Number of replicas required = current load / peak capacity
This process assumes several things like that the capacity of each service is documented, updated regularly, and is readily available to the operators handling scalability failures — all of which are possible risks to the entire process, not considering the human errors in calculation and/or operation.
A manual scaling approach is not only slow but also error-prone.
How can autoscaling help?
With autoscaling, the role of the human operator is taken by a (set of) software component(s), the autoscaler.
In this case, the autoscaler monitors the current level of usage, calculates additional scalability requirements based on the codified capacity, and finally scales out the number of replicas to handle the additional workload.
The benefits of this are:
- The peak capacity of services tends to be codified instead of documented. As with most things in code, this tends to be reviewed regularly and is less likely to be outdated, as compared to stand-alone documentation.
- Unlike humans, the autoscaler does not need a coffee break. It is expected to be always on the spot to respond to any scalability triggers.
- The autoscaler concerns itself with one task and one task only (i.e.) respond to scalability triggers. For example, if the autoscaler is configured to scale in response to CPU usage and the target utilization exceeds the configured threshold, the autoscaler scales out the number of replicas. Because of the focus on a single concern, there is no delay due to root cause analysis to delay the autoscaler’s response.
- In addition to the above, because of the low operational overhead of the entire process — of monitoring, decision making, and scaling, autoscaling can be useful not just during unexpected workload increases but can also help reduce the infrastructure cost, even under a steady workload. Figures below illustrate the cost benefits of autoscaling.
As illustrated in the above figure, even with a steadily increasing/decreasing workload, autoscaling can help operate more efficiently by scaling in and out as required. Without autoscaling, the service needs to be provisioned for the peak workload expected. In the above example, 4 pods will be provisioned all the time, even when the actual load can be handled with 1 pod (9:00–10:30 AM, for example)
Note: In the above example, the pods are configured to operate at an average CPU usage of 80%. If the average CPU usage across all pods goes above 80%, additional pod(s) will be spun up by the autoscaler. Hence, at 10:30 AM, even though the CPU usage across pods is <100%, an additional pod comes up because the target usage threshold of 80% has been crossed.

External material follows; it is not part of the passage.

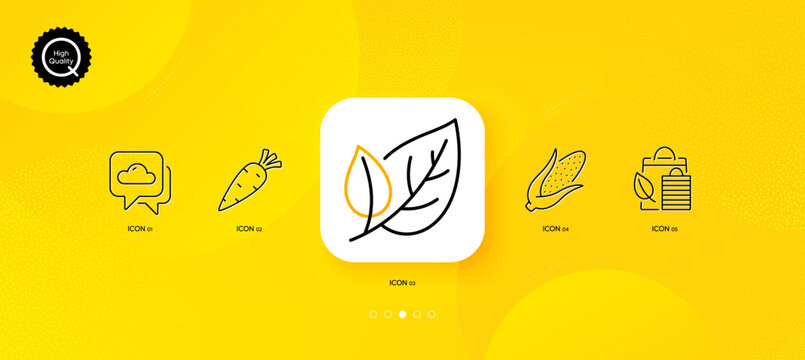 Weather forecast, Corn and Leaf minimal line icons. Yellow abstract background. Bio shopping, Carrot icons. For web, application, printing. Cloudy, Fresh vegetable, Ecology. Leaf. Vector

An autoscaling solution can make scaling faster, less error-prone and more cost-efficient
Acceptance criteria for any autoscaling solution
As detailed so far in this blog post, there are several benefits to using autoscaling as a scalability solution, as against over-provisioning or manual scaling. The corollary of this is that a good autoscaling solution should be able to deliver the following benefits:
- Reliability — Must guarantee scalability
- Efficiency — Must reduce the infrastructure cost, as against over-provisioning/manual scaling
- Responsiveness — Must scale-out fast enough to successfully handle an increase in workload
- Resilience— Must protect against malicious traffic (To be elaborated on, in the subsequent posts)
These can act as the acceptance criteria to drive and evaluate the Kubernetes based autoscaling solutions that will be the focus of further posts in this series.